Dans le secret de nos maisons, de nos chuchotements et des murs de notre compte Facebook, les gens reconnaissent, volontiers, que tout va mal, mais personne ne bouge le petit doigt. J’en fait personnellement l’amère expérience avec mon affaire judiciaire.
J’ai pu à plusieurs reprises discuter de mon dossier avec des amis de tous les milieux que je fréquentais en Guinée, jusqu’aux hauts cadres de l’administration, y compris des ministres.

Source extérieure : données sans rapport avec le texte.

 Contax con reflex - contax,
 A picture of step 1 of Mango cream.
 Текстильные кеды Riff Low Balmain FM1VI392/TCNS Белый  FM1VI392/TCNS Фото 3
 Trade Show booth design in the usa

Chacun interlocuteur n’a pas hésité à me dire à quel point cette situation est injuste. Comprennez bien qu’un ministre de la République, appartenant à un gouvernement censé protéger ses citoyens, reconnaît une injustice de l’État qu’il sert et il laisse courir. Peut-être n’ont-ils pas fait quelque chose parce qu’ils n’ont pas réussi à me retourner, me rallier leur cause. Bref!

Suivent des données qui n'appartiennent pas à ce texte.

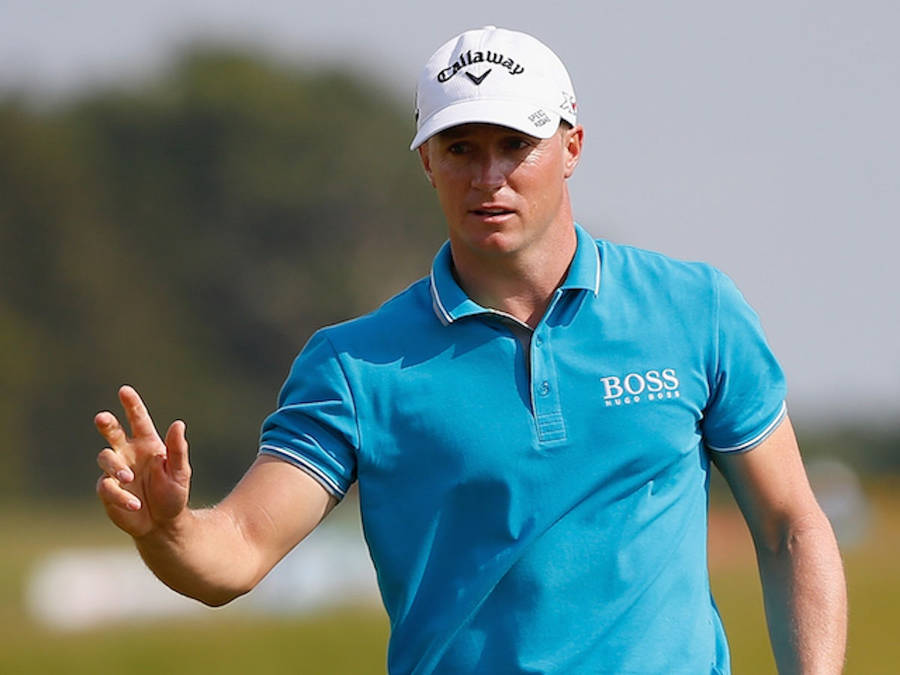 Alex Noren Gesturing Wallpaper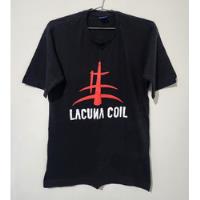 Usado, Camiseta Banda Lacuna Coil - Brazil Tour 2013 - Unissex comprar usado  Brasil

Revenons à la situation générale de notre pays.
Comment Alpha Condé a-t-il réussi à appauvrir et à diviser les guinéens sans que les guinéens ne se révoltent? Comment Alpha Condé a pu faire tuer des centaines de jeunes guinéens sans que le pays entier ne s’oppose? Comment Alpha Condé a pu organiser 4 élections au mépris de nos lois sans que la Guinée ne se rebelle? Comment Alpha Condé a-t-il pu imposer une Constitution fallacieuse et promulguée la même Constitution en l’ayant amputé, s’engager dans un troisième mandat et une présidence à vie sans que la Guinée ne se soulève?

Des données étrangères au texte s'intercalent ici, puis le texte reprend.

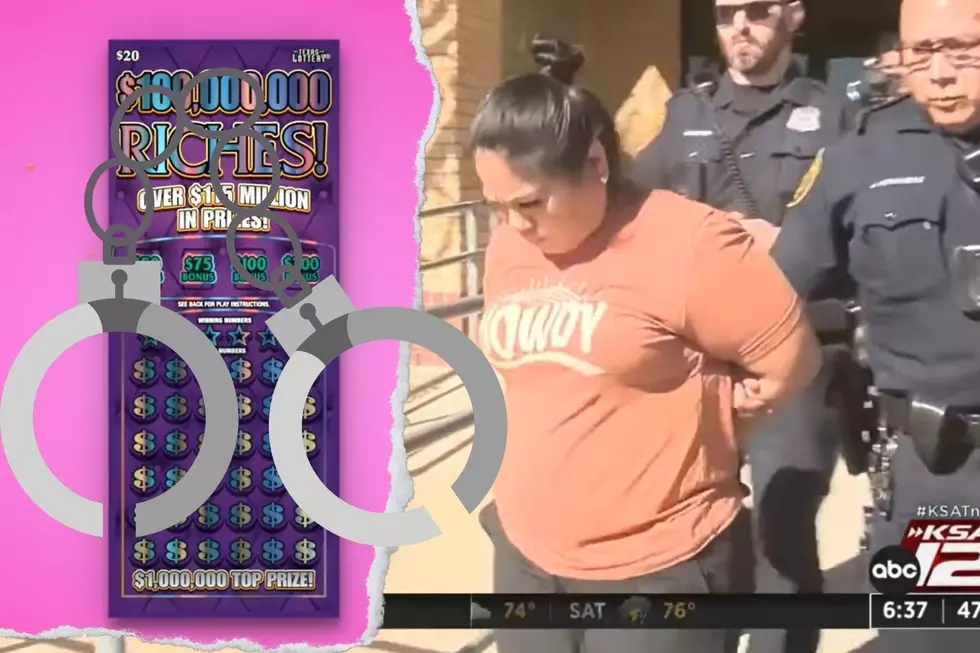 San Antonio, Texas Woman Arrested for Stealing $31,000 in Lottery Tickets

1- Parce que la majorité des guinéens sont avec lui. Sinon une minorité ne peut imposer sa volonté à la majorité. Sinon cette majorité qui se serait pas avec lui ne peut pas accepter de se laisser marcher dessus depuis dix ans sans broncher. C’est cela en tout cas l’arrogante réponse que nous opposent le RPG et toute sa clique de militants, responsables, ministres et hauts cadres.
2- Le guinéen n’a pas le sens de l’intérêt collectif. C’est chacun pour soi, Dieu pour les cons… qui croient que leur combat individuel peut changer notre destin. Les jeunes de l’axe tombent depuis dix ans avec la stupide conviction que nous les aiderons. Depuis un certain nombre d’années, ils ont été à la pointe de toutes luttes pour la liberté et la démocratie chez nous. C’est à croire qu’ils sont les seuls à souffrir.
Et s’ils arrêtent leur mobilisation, comment serait notre pays. Peut-être qu’il faudrait justement qu’ils s’arrêtent. Et quand les sangsues nous auront, tous, suffisamment sucer leur sang, peut-être que nous les aiderons. Et si on ne se bouge pas, c’est qu’on aime ça. Parce qu’au lieu de leu apporter du soutien en grossissant leurs rangs, nous disons qu’ils sont cons de tout le temps manifester et de se laisser abattre comme du bétail.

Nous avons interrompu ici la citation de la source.